# M3.1 - Creating a Research Software Environment

*Part of:* [**Open Science for Water Resources**](https://github.com/OpenClimateScience/M3-Open-Science-for-Water-Resources)

## Software versions and reproducibility

When research software is used in an analysis, the results of that analysis depend on the software used, including the specific version of that software. To create *reproducible* research using software, we need to clearly identify and communicate all of the software dependencies and their versions. This becomes complicated when we consider how our own software's behavior depends on (open-source) software that other people wrote. A Python program's results may also depend on the version of Python used! **How can we keep track of it all?**

[In the previous lesson (link)](https://github.com/OpenClimateScience/M2-Computational-Climate-Science), we learned how to use the software `pip` to install and manage Python packages. Previously, when we used `pip`, we were installing Python packages to our user directory. The new packages were available to use every time we started Python. Our version of Python and all of the packages we have installed are collectively referred to as our Python *environment.* Every new Python project we start is able to access those same packages.
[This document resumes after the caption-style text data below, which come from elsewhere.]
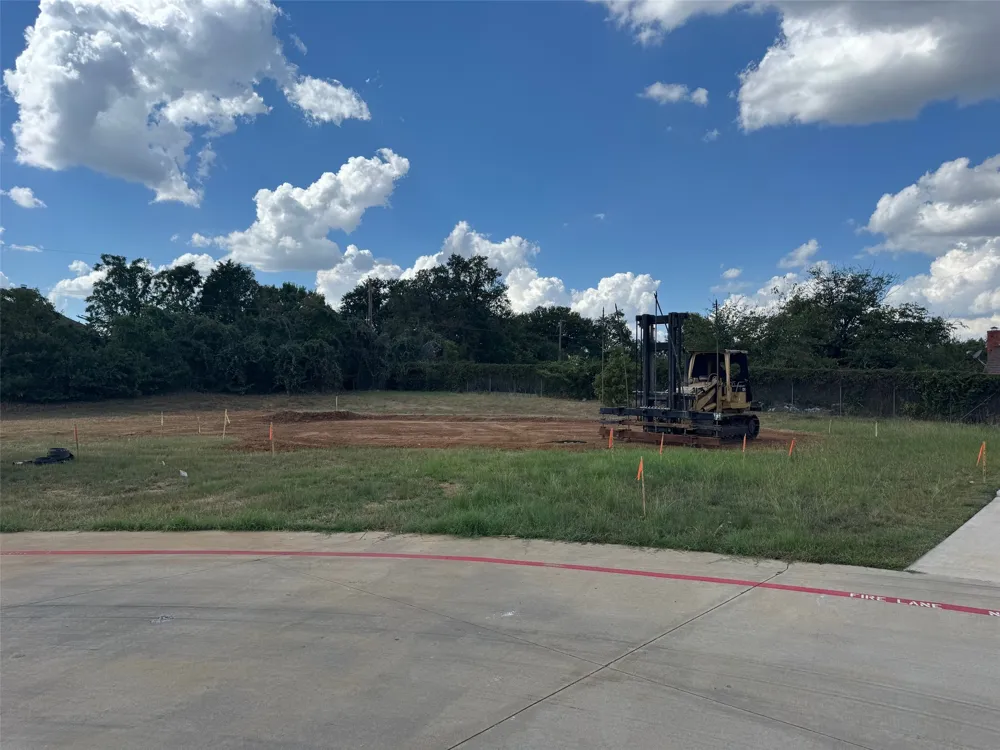 209 E Debbie Lane Mansfield, TX 76063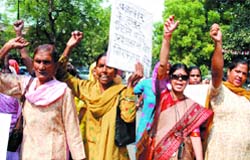 Activists of the Janwadi Mahila Samiti demonstrate against the ESI rape case outside the police headquarters in the Capital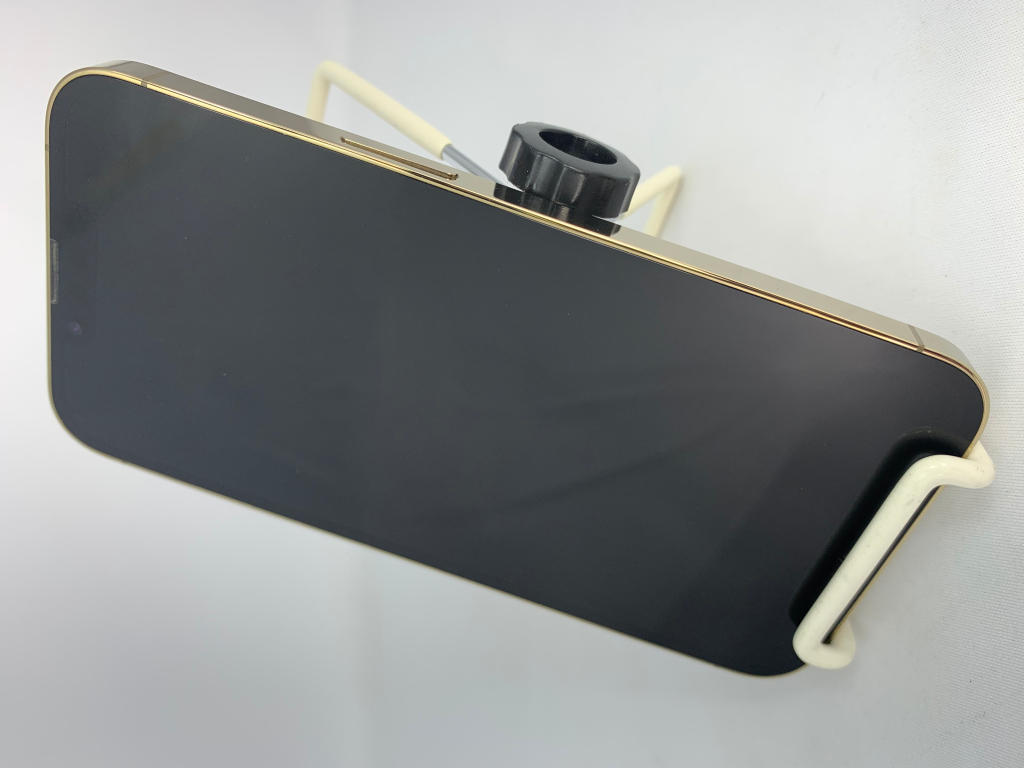 【中古:Cランク】【バッテリー劣化】iPhone 13 Pro 256GB ゴールド simロック解除済【30日返金保証】【赤ロム保証付き】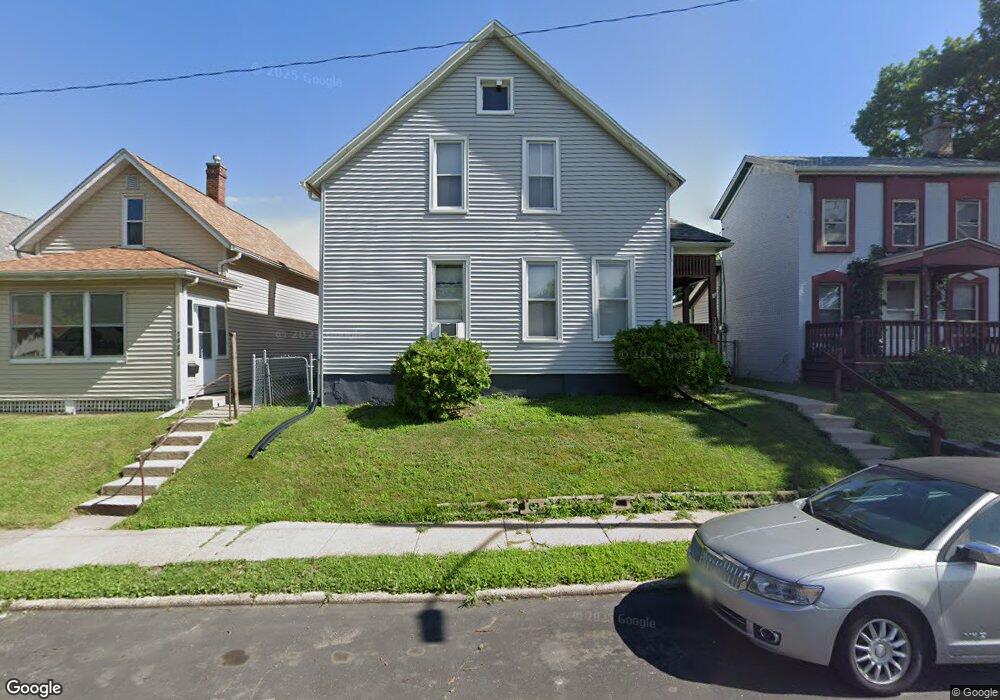 1624 W 13th St, Davenport, IA 52804 - photo 1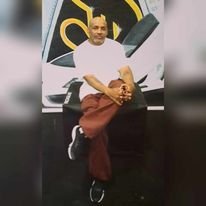 5thworldseries's profile picture. 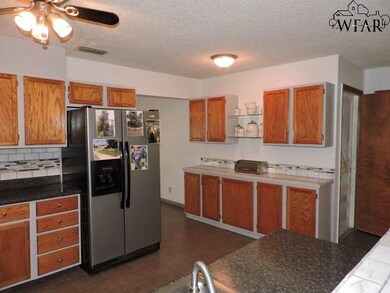 3912 Cynthia Ln, Wichita Falls, TX 76302 - photo 7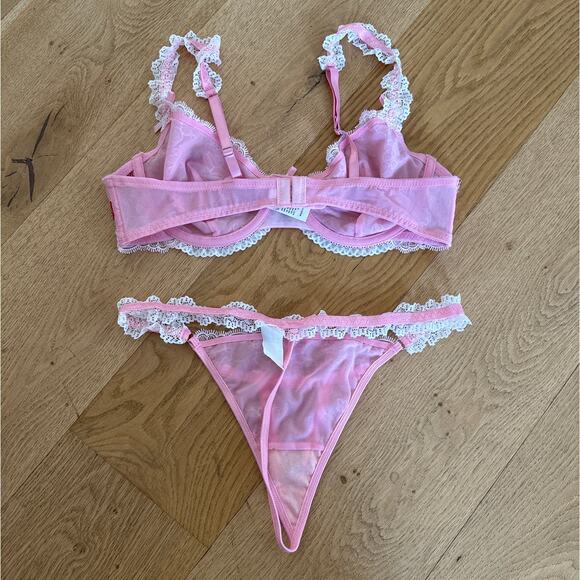 No brand - Strawberry and  Lace Underwire Bra & Thong Set in Pink & White - Picture 3 of 4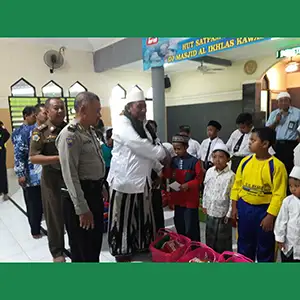 Ketua MUI Manyar Pimpin Doa HUT Satpam di Maspion Gresik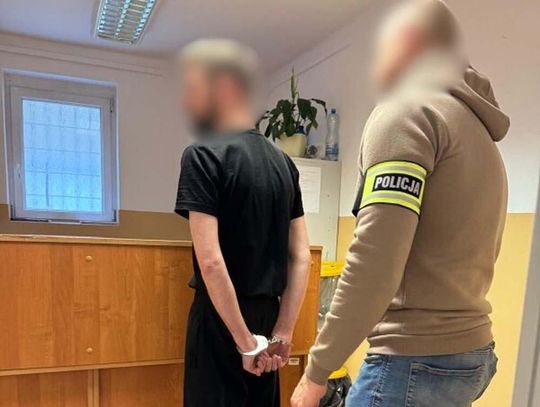 W sklepach wyciągał nóż i groził kasjerom. Potem uciekał z pieniędzmi. Grozi mu 20 lat W sklepach wyciągał nóż i groził kasjerom. Potem uciekał z pieniędzmi. Grozi mu 20 lat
**This sounds convenient, but there are some downsides.** To understand what can go wrong when several different Python projects use the same *environment,* let's imagine we are about to start a new Python project using code that someone else wrote, a module named `example.py`.

`example.py` uses NumPy **version 1.26.0** to provide some convenient tools for an analysis you want to perform but, on your system, you have NumPy **version 2.0.0** installed.

- `example.py` can only use **version 1.26.0** or earlier, because it uses NumPy's representation of infinity, `np.infty`, which was changed to `np.inf` in **version 2.0.0.** The developer of `example.py` would have to go through all of their code, replacing `np.infty` with `np.inf`, and they don't have the time or interest to do this right now.
- On our system, we started a new project where we have to use NumPy **version 2.0.0** because that version added support for a new feature we need. To run `example.py`, we'd have to *downgrade* to **version 1.26.0** and then our new project wouldn't work!

**This hypothetical illustrates the problems we can run into when we try to run different Python projects in the same environment.**

### Software versioning

Before we discuss the solution to this problem, let's talk about what software version numbers mean.

There are two commonly used ways to indicate a software's version.

- **Calendar versioning,** where the version number reflects the date of the software's release, usually in `YYYY.MM` format.
- **Semantic versioning,** where the version number represents *how different* the new software version is from a previous version.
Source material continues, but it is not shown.